FMCSA will open its doors on January 1, 2000. While it’s too soon to know exactly how the new agency will affect the daily lives of truckers, the potential impact is huge.
The administration is empowered by Congress with one priority: improving safety. Of course, that has been the priority at FHWA’s Office of Motor Carrier Safety, too. The difference is that FMCSA will have a political boss who reports directly to the Secretary of Transportation, while OMCS had a director who reported to the chief of the highway agency.
The new FMCSA administrator will be appointed by the president with the advice and consent of the Senate. He or she must have professional experience in motor carrier safety, the bill says.
The transportation community in Washington is abuzz with speculation about how the selection process will unfold. Insiders predict that Transportation Secretary Rodney Slater will have the biggest say in who gets nominated, but any candidate will have to pass muster with key Clinton administration constituencies, particularly organized labor.
Complicating the process is the gravitational pull of next year’s election. Vice President Albert Gore has been handling many Clinton appointments over the past year and as a presidential candidate has an obvious interest in the patronage of this appointment. Senator John McCain, R-AZ, whose presidential campaign is picking up momentum and who as Chairman of the Senate Commerce Committee was instrumental in the crafting of the safety bill, also will have a strong interest in the nomination.
Under the bill, the new administrator gets a deputy, appointed by the DOT secretary with the approval of the president.

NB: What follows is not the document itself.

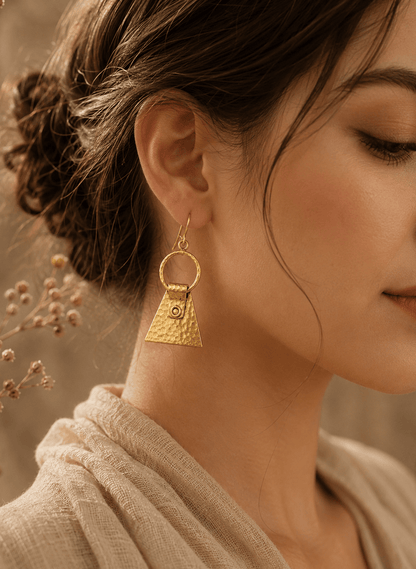 Naarya Jewels Earrings Pyramid Hoop Drops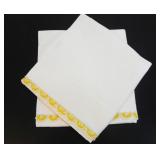 PAIR OF YELLOW & WHITE TATTED PILLOW SHAMS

The third position is the assistant administrator, or Chief Safety Officer. That position goes to a senior level bureaucrat appointed by the DOT secretary, again with the approval of the president.
The new administration has direct orders from Congress to work with both the Federal Highway Administration and the National Highway Traffic Safety Administration. It also has strict orders about staffing: the number of employees at headquarters is capped at its current level for the next fiscal year, except for employees who are transferred from FHWA. After that, Congress will review any requests for additional staff.
The new boss will have to give Congress a strategic plan for improving safety, focusing on four goals:
* Reduce the number and rates of accidents, injuries and fatalities.
* Improve enforcement and compliance programs.
* Identify and target high-risk carriers, vehicles and drivers for enforcement.
* Improve research.
The performance of the administrator, the deputy and the assistant administrator will be judged by whether or not they meet measurable standards applied to these goals.
The bill gives the DOT secretary authority to create an advisory committee of representatives from truck and bus management, drivers, safety advocates, manufacturers and enforcement officials, among others.
FMCSA will get an average of $38 million a year– a 70% increase over what was provided to OMCS by the Federal Highway Administration.
Those funds are for improving rulemaking, oversight, enforcement and safety research.
Safety research was a hot item during this year’s hearings on truck safety. CRASH President Joan Claybrook and others were outraged that OMCS was paying American Trucking Associations to conduct safety research, calling it a conflict of interest.
Under the bill, the DOT secretary must conduct a study to see if current federal rules are sufficient protection against conflict of interest, and if the rules will cause unreasonable delays in research.